**Input for this task:**
..........
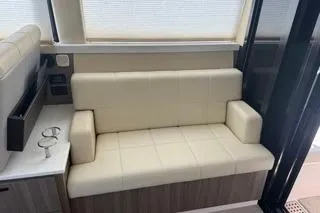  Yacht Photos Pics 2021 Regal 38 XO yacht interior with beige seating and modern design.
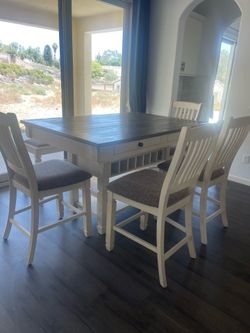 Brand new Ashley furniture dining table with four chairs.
..........
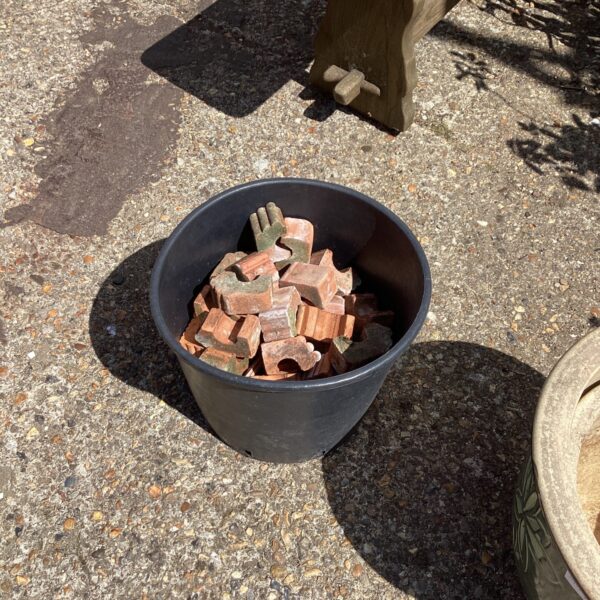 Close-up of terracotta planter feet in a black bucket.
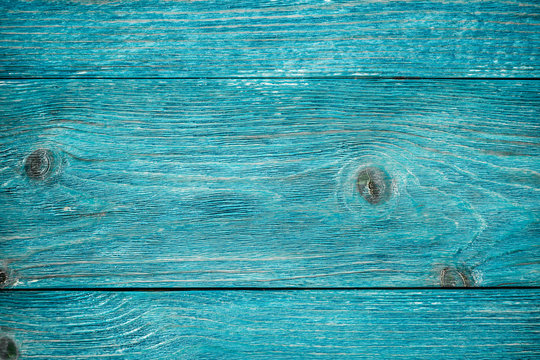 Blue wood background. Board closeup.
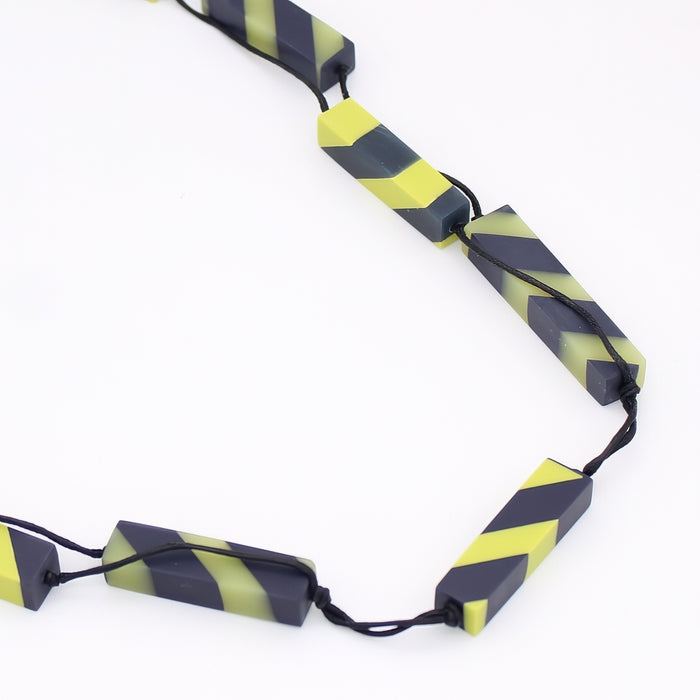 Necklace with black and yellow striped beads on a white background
..........
**Task to complete:** Take the material above from the line containing "Yacht Photos Pics" up to and including the line containing "Brand new Ashley" and retype it exactly, without any pictures.

**Solved exercise:**
  Yacht Photos Pics 2021 Regal 38 XO yacht interior with beige seating and modern design.
 Brand new Ashley furniture dining table with four chairs.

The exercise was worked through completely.